▶ Data extracted from a collection
= = = = =

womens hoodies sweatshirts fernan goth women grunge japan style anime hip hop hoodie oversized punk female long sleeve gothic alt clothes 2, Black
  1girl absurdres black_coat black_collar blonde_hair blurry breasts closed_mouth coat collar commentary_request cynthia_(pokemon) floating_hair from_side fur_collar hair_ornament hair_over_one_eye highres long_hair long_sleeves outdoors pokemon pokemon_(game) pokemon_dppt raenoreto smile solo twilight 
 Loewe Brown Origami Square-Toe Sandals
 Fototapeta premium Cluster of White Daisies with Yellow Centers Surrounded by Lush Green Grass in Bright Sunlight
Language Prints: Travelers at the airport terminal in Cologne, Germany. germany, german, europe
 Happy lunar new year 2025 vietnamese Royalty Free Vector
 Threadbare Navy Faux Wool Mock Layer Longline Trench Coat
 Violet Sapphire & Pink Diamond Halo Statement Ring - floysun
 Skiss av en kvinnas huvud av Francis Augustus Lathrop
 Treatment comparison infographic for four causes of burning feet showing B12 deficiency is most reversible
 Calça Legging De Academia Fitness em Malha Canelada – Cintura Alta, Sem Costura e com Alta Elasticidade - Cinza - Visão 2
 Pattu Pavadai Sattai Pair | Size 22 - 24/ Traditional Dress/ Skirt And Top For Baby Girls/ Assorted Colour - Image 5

= = = = =

▶ TASK DETAILS
Produce an exact copy of all the records.

▶ REPLY
womens hoodies sweatshirts fernan goth women grunge japan style anime hip hop hoodie oversized punk female long sleeve gothic alt clothes 2, Black
  1girl absurdres black_coat black_collar blonde_hair blurry breasts closed_mouth coat collar commentary_request cynthia_(pokemon) floating_hair from_side fur_collar hair_ornament hair_over_one_eye highres long_hair long_sleeves outdoors pokemon pokemon_(game) pokemon_dppt raenoreto smile solo twilight 
 Loewe Brown Origami Square-Toe Sandals
 Fototapeta premium Cluster of White Daisies with Yellow Centers Surrounded by Lush Green Grass in Bright Sunlight
Language Prints: Travelers at the airport terminal in Cologne, Germany. germany, german, europe
 Happy lunar new year 2025 vietnamese Royalty Free Vector
 Threadbare Navy Faux Wool Mock Layer Longline Trench Coat
 Violet Sapphire & Pink Diamond Halo Statement Ring - floysun
 Skiss av en kvinnas huvud av Francis Augustus Lathrop
 Treatment comparison infographic for four causes of burning feet showing B12 deficiency is most reversible
 Calça Legging De Academia Fitness em Malha Canelada – Cintura Alta, Sem Costura e com Alta Elasticidade - Cinza - Visão 2
 Pattu Pavadai Sattai Pair | Size 22 - 24/ Traditional Dress/ Skirt And Top For Baby Girls/ Assorted Colour - Image 5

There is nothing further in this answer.